Sedangkan nash harus diterima penuh, jika terjadi perbedaan nash dan akal, maka akal harus berperan mentakwilkannya. Terhadap ayat-ayat tajsim (Allah bertubuh) dan tasybih (Allah serupa makhluk) harus ditafsirkan dengan arti majazi (kiasan), Contoh seperti lafal yadullah yang arti aslinya tangan Allah ditakwilkan menjadi kekuasaan Allah.
Maturidiyah berpendapat bahwa kekuasaan dan kehendak mutlak Tuhan dibatasi oleh Tuhan sendiri, jadi tidak mutlak. Meskipun demikian Tuhan tidak dapat dipaksa atau terpaksa berbuat apa yang dikehendaki-Nya.
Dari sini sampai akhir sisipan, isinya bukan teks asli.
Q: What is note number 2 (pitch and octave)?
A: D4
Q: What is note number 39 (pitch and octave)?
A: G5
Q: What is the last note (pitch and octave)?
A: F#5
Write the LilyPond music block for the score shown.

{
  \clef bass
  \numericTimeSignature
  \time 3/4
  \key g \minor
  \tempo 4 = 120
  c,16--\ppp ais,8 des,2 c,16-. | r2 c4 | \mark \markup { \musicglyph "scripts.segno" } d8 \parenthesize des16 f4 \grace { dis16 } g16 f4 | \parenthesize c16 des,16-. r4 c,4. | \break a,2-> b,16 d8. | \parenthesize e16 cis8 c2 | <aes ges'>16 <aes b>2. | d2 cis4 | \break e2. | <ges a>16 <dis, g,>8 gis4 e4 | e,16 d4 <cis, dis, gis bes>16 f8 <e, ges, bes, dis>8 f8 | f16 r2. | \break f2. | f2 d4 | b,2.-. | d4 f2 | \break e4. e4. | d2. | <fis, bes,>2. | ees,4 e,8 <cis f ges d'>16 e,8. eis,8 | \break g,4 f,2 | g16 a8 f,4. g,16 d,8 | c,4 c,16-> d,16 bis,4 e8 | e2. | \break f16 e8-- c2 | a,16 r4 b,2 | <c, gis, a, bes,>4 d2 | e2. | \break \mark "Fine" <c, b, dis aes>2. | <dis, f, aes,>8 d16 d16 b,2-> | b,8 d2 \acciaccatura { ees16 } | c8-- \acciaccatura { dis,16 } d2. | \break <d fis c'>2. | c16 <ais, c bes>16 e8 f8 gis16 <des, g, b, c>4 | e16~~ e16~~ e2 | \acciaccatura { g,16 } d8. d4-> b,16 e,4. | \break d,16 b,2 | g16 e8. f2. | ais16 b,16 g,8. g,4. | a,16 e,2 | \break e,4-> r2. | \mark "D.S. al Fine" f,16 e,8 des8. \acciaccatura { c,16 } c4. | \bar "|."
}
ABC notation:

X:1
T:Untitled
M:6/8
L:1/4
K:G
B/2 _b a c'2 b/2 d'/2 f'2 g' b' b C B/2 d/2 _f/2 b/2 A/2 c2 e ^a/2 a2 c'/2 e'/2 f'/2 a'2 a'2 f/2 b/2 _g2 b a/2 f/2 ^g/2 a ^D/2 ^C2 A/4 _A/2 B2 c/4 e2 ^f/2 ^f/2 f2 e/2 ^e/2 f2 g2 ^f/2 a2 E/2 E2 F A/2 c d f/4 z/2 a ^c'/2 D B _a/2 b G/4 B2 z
Misalnya Allah menjanjikan orang baik masuk kedalam surga, orang jahat masuk neraka, maka Allah akan menepati janji-janji tersebut.
Namun dalam hal ini, manusia diberi kekuasaan oleh Allah menggunakan daya untuk memilih antara yang baik dan yang buruk, itulah keadilan lain.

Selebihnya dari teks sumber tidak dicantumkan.